To all of our Apple and iPhone connoisseurs, please opt-in to tracking. To our fellow marketers, we feel your pain... The most recent software update on Apple products is providing users with increased “privacy”. Like we have seen in the past with app permissions for location and face identification for passwords, the newest addition is app tracking transparency (ATT). Users now have the ability to accept or deny an app's ability to capture personal information such as websites you visit, interests you enjoy, and more.
Based on the new updates and requirements Facebook implemented, there will be some major changes. To start, ad sets will only be able to track 1 conversion event at a time. For example, if you liked to track add to cart rate and purchases previously, you no longer will have that ability. Another new limitation will be target audience size. There is no estimate currently on how many users will “opt-in” vs “opt-out” of tracking yet but we expect to see a gradual decrease in overall audience size over the next few weeks or months. The attribution window change will have a direct impact on knowing how your marketing campaigns are performing but we hope to be able to come up with a solution to this problem based on historical data and last click data from Google Analytics.
Facebook Ads accounts must now meet the following requirements to ensure legitimacy and help minimize the impact of the IOS 14.5 update.

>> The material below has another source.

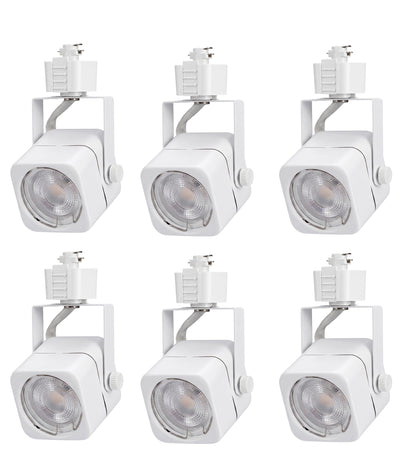 Cloudy Bay 6-pack matte white square GU10 track light heads for H-type track systems, white background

To analyze the overall impact of IOS 14 on our ad accounts, we decided to choose a handful of our best performing accounts that are all in the ecommerce industry and share the same goals. The parameters were the previous 1 month of data prior to the change from each client (March 25th - April 25th) and the first week after the update (April 26th - May 2nd). The goal is simple, how are users opting out of tracking impacting our major KPI’s, such as customer acquisition cost (CAC) and return on ad spend (ROAS).
Prior to the update, the average CAC was $56.76. After the update, the CAC skyrocketed to $63.37, a 11.6% increase. The CAC is increasing because anyone who has opted out of tracking, is not being counted in the purchases. Also, due to audience size reductions it is more difficult to reach the same target audience as before.

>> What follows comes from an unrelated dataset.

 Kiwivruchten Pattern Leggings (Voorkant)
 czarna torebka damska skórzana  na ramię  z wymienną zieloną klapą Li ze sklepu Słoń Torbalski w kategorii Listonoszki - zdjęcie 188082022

The second major impact was on the return on ad spend. Due to the increased cost in acquiring a customer, the return on investment decreased 11.8% the first week. Since the cost to acquire a customer has a direct impact on the return on ad spend (assuming the same average order value) we can also attribute this decrease to audience size and users opting out of tracking.
As for the retargeting audience, a similar observation was noticed, but not as drastic. The CAC of the retargeting audiences only increased 5.1%. These users are critical to convert because they have directly expressed interest in the brand and should be able to acquire them at a significantly lower cost than a cold audience. It is expected that the CAC for retargeting continues to increase since new strategies to capture the customers have to be implemented for anyone who has opted out of tracking.

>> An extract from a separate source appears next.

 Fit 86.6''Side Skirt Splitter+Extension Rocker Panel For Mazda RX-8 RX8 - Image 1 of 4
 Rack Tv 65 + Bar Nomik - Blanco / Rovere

The ROAS for retargeting users has remained almost unchanged with only a loss of .7% decrease. As the CAC continues to climb over the coming weeks, ROAS will also continue to drop.
The increasing cost in customer acquisition, due to the decreased audience size and limitations on tracking users is directly impacting the return on ad spend. This is causing a higher spend on ad accounts to attempt to achieve the same goals. The anticipation of Apple releasing data on what percentage of users have updated their devices and what percent of users have chosen to opt-in vs opt-out of tracking is exciting and will help to predict the overall impact of this update. We will continue to observe and inform you with our take on the impact of IOS 14.5 on a weekly basis until the curve has flattened.